▶ _Data for this exercise_
--
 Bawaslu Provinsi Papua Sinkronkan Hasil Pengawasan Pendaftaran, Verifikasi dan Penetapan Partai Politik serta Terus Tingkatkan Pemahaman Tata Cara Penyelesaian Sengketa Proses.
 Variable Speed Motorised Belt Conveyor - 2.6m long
--
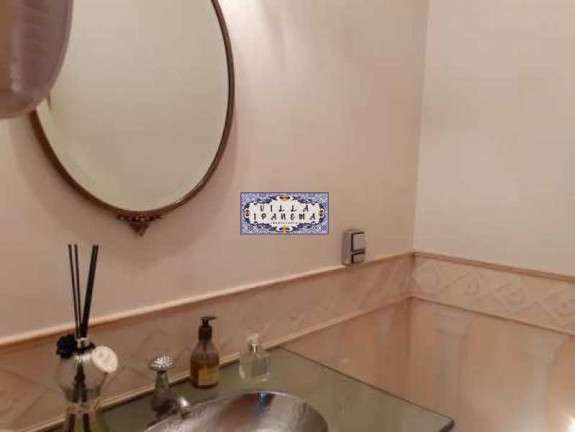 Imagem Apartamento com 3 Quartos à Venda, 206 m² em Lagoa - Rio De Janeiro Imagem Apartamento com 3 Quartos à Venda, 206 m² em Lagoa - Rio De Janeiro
--
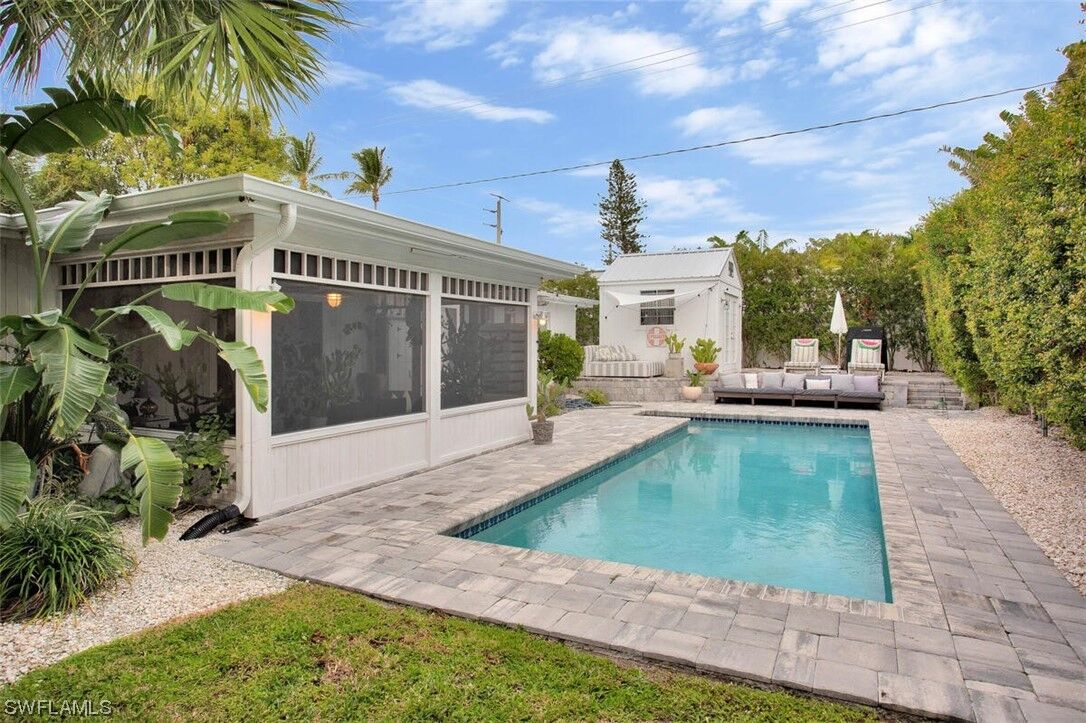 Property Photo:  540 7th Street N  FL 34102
--
▶ _Exercise brief_
All lines above from the line with "Bawaslu Provinsi Papua" through the line with "Variable Speed Motorised", both included, are to be set down exactly, with nothing else.

▶ _Output for this task_
 Bawaslu Provinsi Papua Sinkronkan Hasil Pengawasan Pendaftaran, Verifikasi dan Penetapan Partai Politik serta Terus Tingkatkan Pemahaman Tata Cara Penyelesaian Sengketa Proses.
 Variable Speed Motorised Belt Conveyor - 2.6m long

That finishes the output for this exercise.